Penne, piume & co. Che la lezione di gufologia abbia inizio, dunque! I nostri giovani naturalisti di Orticola per prima cosa si trovano davanti un kit degno di Sherlock Holmes: lente d’ingrandimento, guanti di lattice usa e getta, righello e, soprattutto, misteriosi reperti contenuti in barattoli di vetro. Dopo una carrellata di immagini di civette, allocchi, barbagianni e quant’altro (a proposito, i gufi sono quelli con due bei ciuffi sulle orecchie), ognuno riceve una penna di rapace da osservare con la lente, per scoprirne la struttura, lo stelo rigido, le piumette... Un souvenir che a fine lezione si porta a casa, tanto più che nella tradizione popolare le penne di gufo sono anche un efficace portafortuna.

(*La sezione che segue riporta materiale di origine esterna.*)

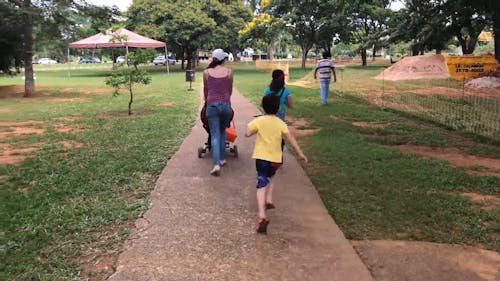 A Mother and Her Kids Strolling at the Park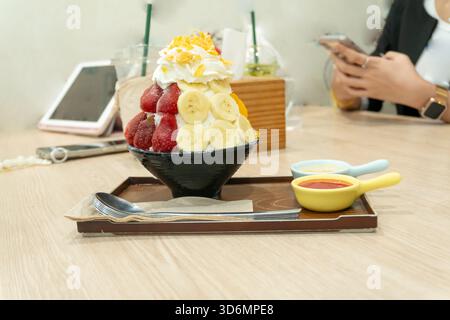 Ein Set koreanischer Bingsu in einer kleinen schwarzen Schüssel mit mehreren Früchten und roter Sauce mit süßer Kondensmilch in Mini-Plastikschüsseln in braunem Tablett Stockfoto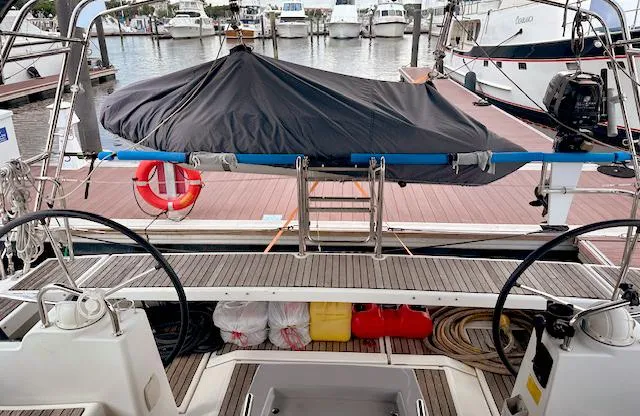 Journey Yacht Photos Pics Beneteau Oceanis 48 (2019) yacht docked, featuring dual steering wheels and covered equipment.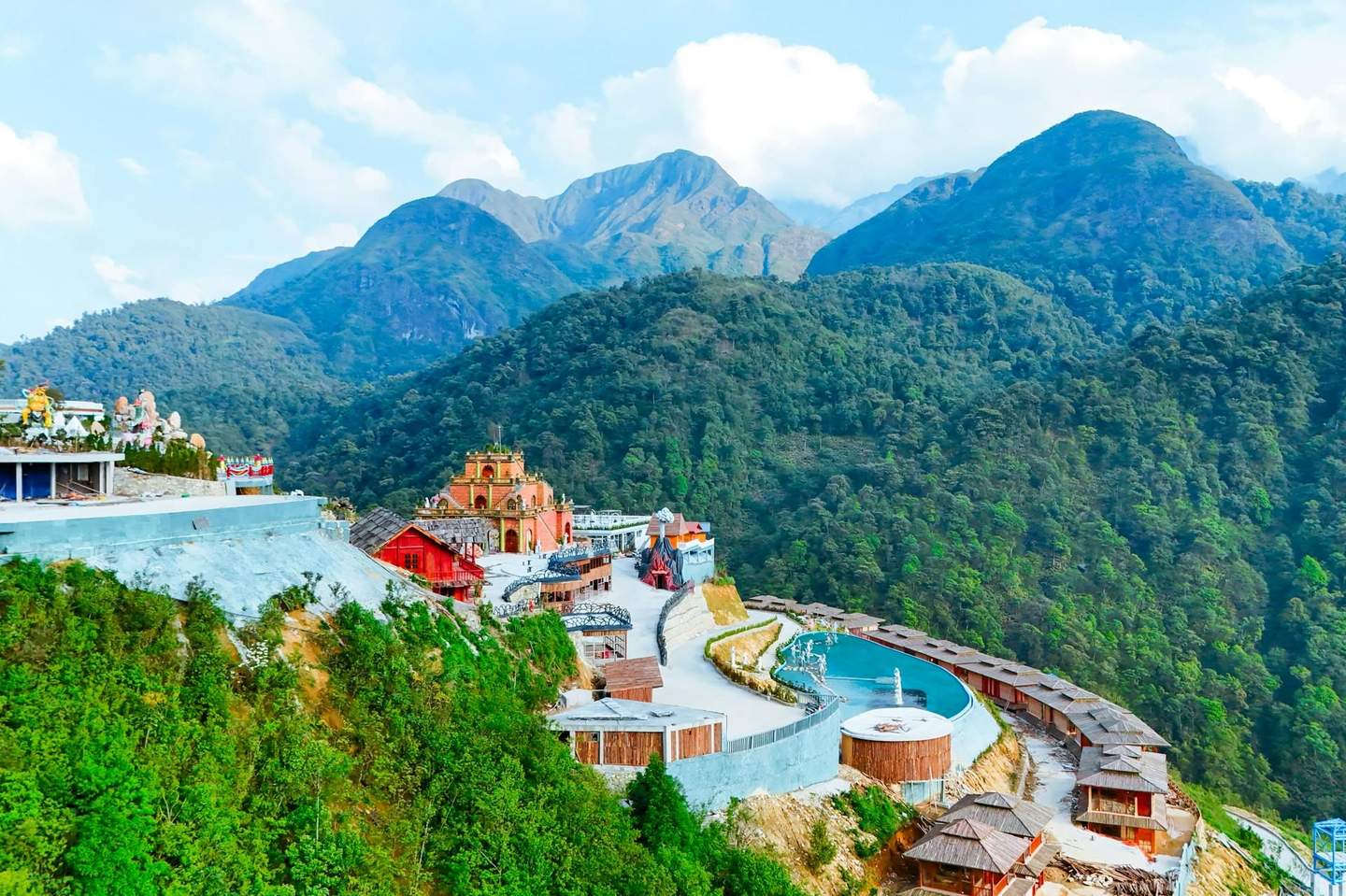 A scenic view of a hilltop resort with colorful buildings, a pool, and lush green mountains in the background.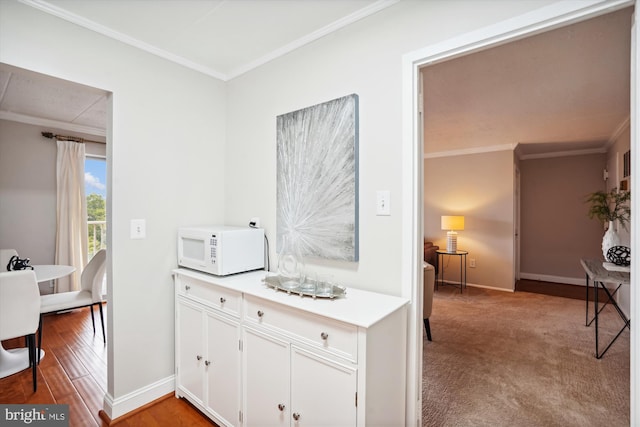 kitchen with white cabinetry, crown molding, and light wood-type flooring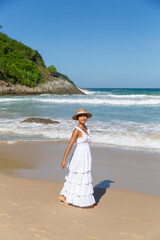 Fototapeta na wymiar A woman exudes elegance and happiness as she walks on the beach in a white dress, embracing the coastal beauty with a radiant smile.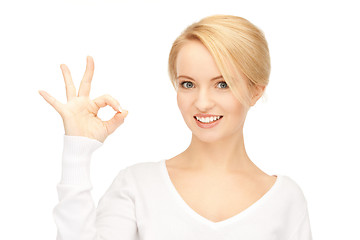 Image showing lovely teenage girl showing ok sign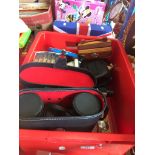 A crate of mixed items inc Salter scales, Laurel & Hardy figures, DVDs, flippers, etc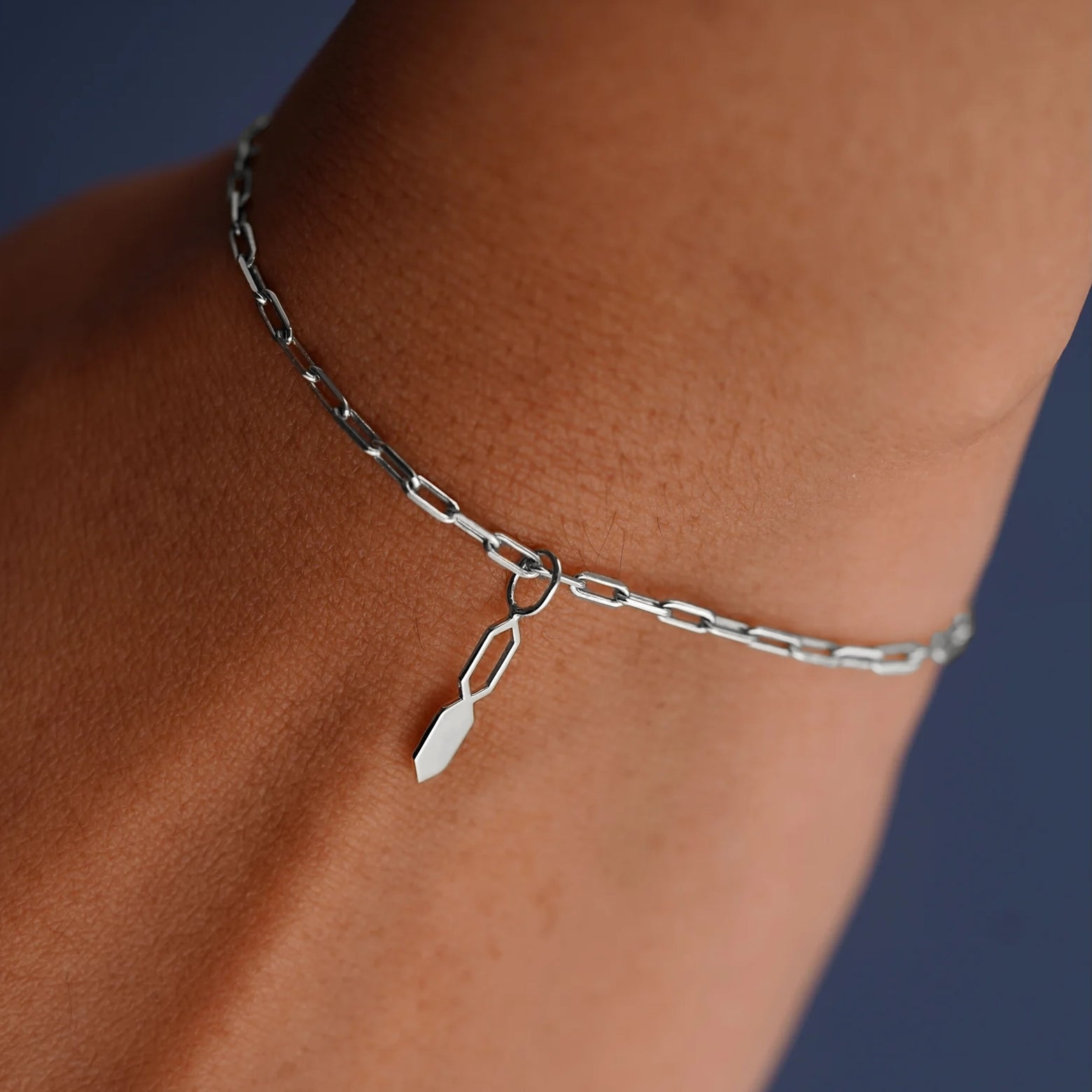 Close up view of a model's wrist wearing a white gold Tanlah Charm on a Butch Bracelet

Poi si passa all’ascolto di tracce audio: improvvisamente, sembra di trovarsi in un bosco, echeggia l’inconfondibile “guu guu”, ma è incredibile quanto diversi siano i richiami, ogni uccello ha il suo. Sicuramente chi vive in campagna sa distinguerli senza bisogno di ripasso, un po’ come noi “urbani” riconosciamo le insegne dei negozi...

E poi viene il bello. Alla domanda: «Cosa mangiano i gufi?», fioccano le risposte. Niente erbe o patatine, piuttosto mosche, ragni e piccolissimi topolini. E, visto che di certo non hanno coltello e forchetta, i rapaci devono espellere pelliccia e ossicini sputando strane palline verdastre, il reperto nel vasetto: si chiama borra, alias vomito di gufo. Orrore! Ma anche incredibile divertimento! Ecco i giovani ornitologi, muniti di guanti, analizzare le borre con l’aiuto dell’esperto, per individuare il menu dei barbagianni. C’è bisogno di dirlo? È la parte più elettrizzante della lezione.

Le civette? Non sul comò! Alla fine, Harry Potter ha avuto un effetto positivo... «Con qualche riserva», conclude Mastrorilli. «Purtroppo con il film è passata anche l’idea che questi uccelli siano addomesticabili, c’è chi cerca di vendere barbagianni a 250 euro. Ma non è assolutamente possibile tenerli in casa, i rapaci mantengono una natura selvatica e hanno bisogno di almeno 7-8 chilometri di terreno per sopravvivere». Nessun dubbio, è molto meglio osservarli liberi, nei boschi.